PAT 甲级1023 Have Fun with Numbers (20 分)

1023 Have Fun with Numbers (20 )

Notice that the number 123456789 is a 9-digit number consisting exactly the numbers from 1 to 9, with no duplication. Double it we will obtain 246913578, which happens to be another 9-digit number consisting exactly the numbers from 1 to 9, only in a different permutation. Check to see the result if we double it again!

Now you are suppose to check if there are more numbers with this property. That is, double a given number with k digits, you are to tell if the resulting number consists of only a permutation of the digits in the original number.

Input Specification:

Each input contains one test case.
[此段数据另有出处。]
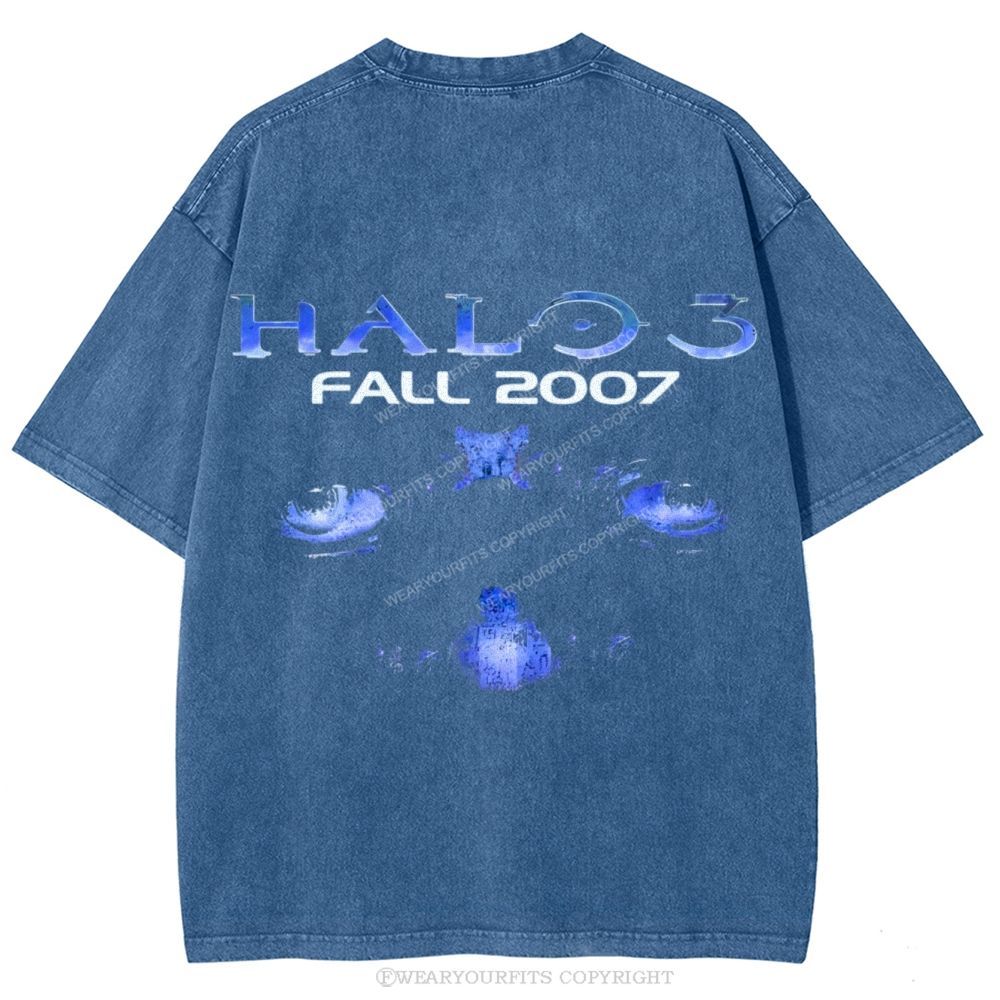 Halo Unisex Washed Tee Wearyourfits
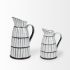 Lome Jars, Jugs & Urns (Small - White & Black Ceramic Jug)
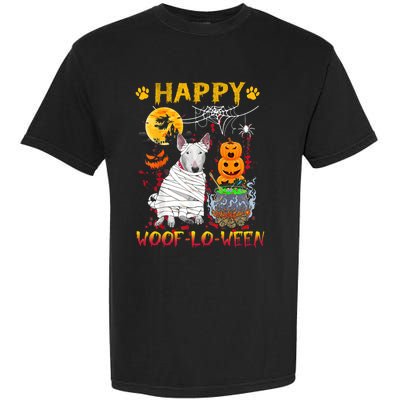 Bull Terrier Mummy Happy Woofgreat Giftlogreat Giftween Halloween Pumpkin Gift Garment-Dyed Heavyweight T-Shirt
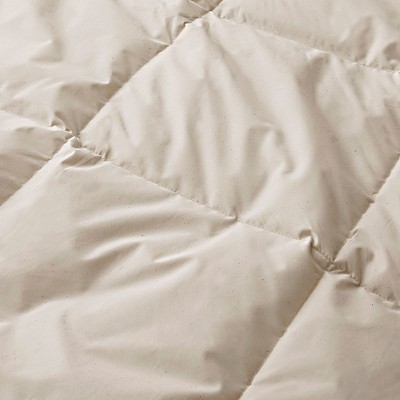 EcoDream Full/Queen Off-White Organic Cotton Down Comforter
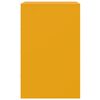 vidaXL Bedside Cabinet Mustard Yellow Cold-rolled Steel Standard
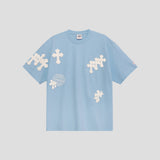 クロスTシャツ - BLUE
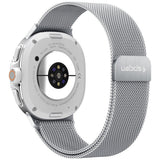 Samsung Galaxy Watch 8 / 8 Classic (40 / 44 / 46mm) Spigen Metal Fit Smartwatchrem - Sølv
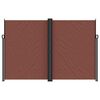 vidaXL Seitenmarkise Ausziehbar Braun 220x600 cm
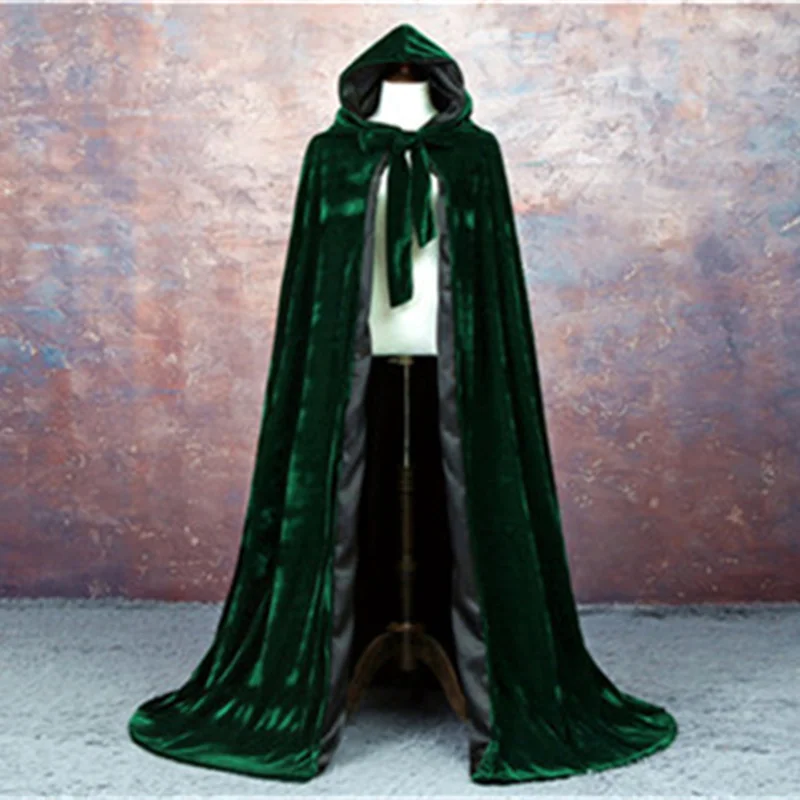 Winter Hooded Women Cape Casual Girl Fashion Cloak Loose Luxury Long Warm Wedding shawl cloak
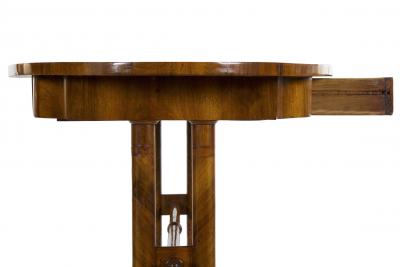 Austrian Biedermeier Inlaid Walnut Writing Table c 1825 45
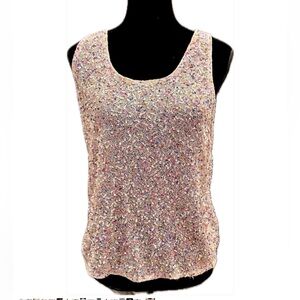 NWT Anthropologie Multicolor Beaded/Sequin Top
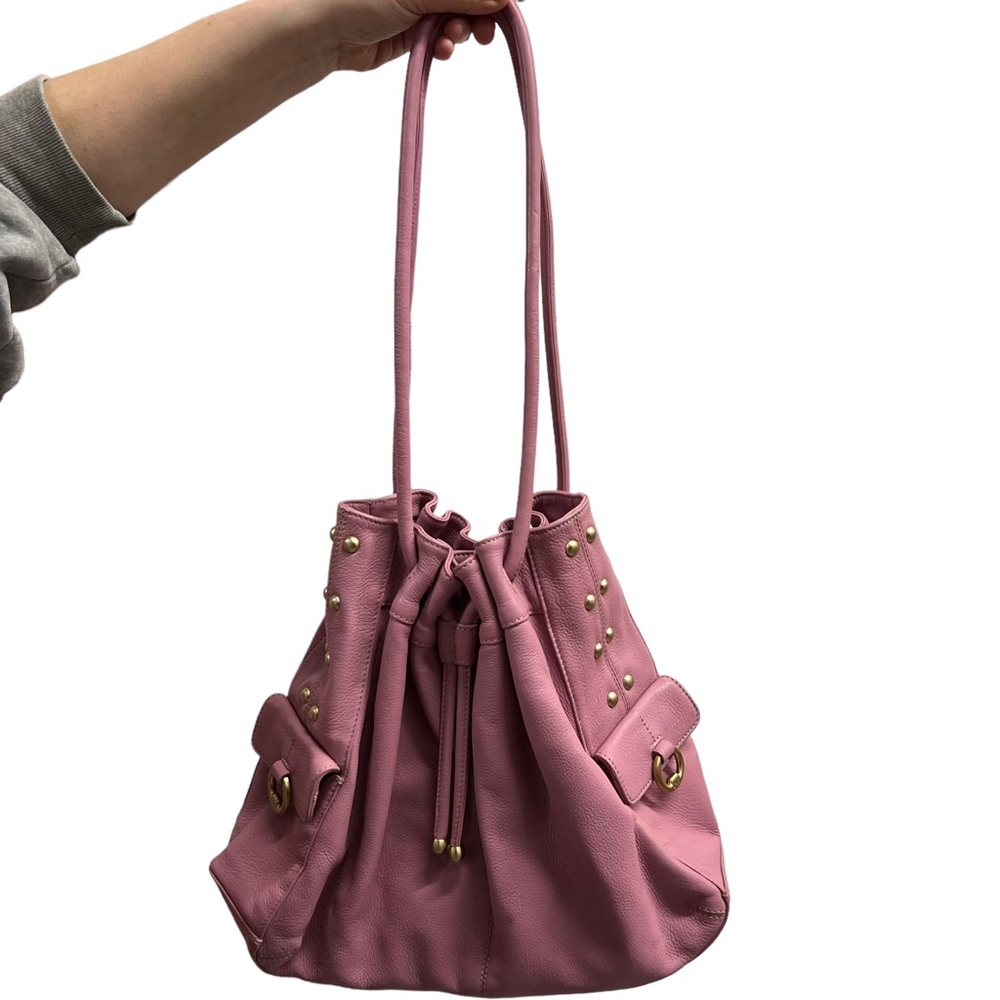 Jones New York Light Pink Hobo Vintage Handbag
Each case contains one positive integer with no more than 20 digits.

Output Specification:

For each test case, first print in a line "Yes" if doubling the input number gives a number that consists of only a permutation of the digits in the original number, or "No" if not. Then in the next line, print the doubled number.

Sample Input:

1234567899

Sample Output:

Yes
2469135798

题目大意:

         给定一个不超过20位的整数,要是将其乘以2后仍旧相同(即出现的数一样)则输出yes并输出乘2后的数。否则输出no。

 

思路:

         大整数用string 处理,方便输入。输入后从后往前处理,设置进位step,进行相应的进位计算。最终将字符串重新反转便得到输出结果。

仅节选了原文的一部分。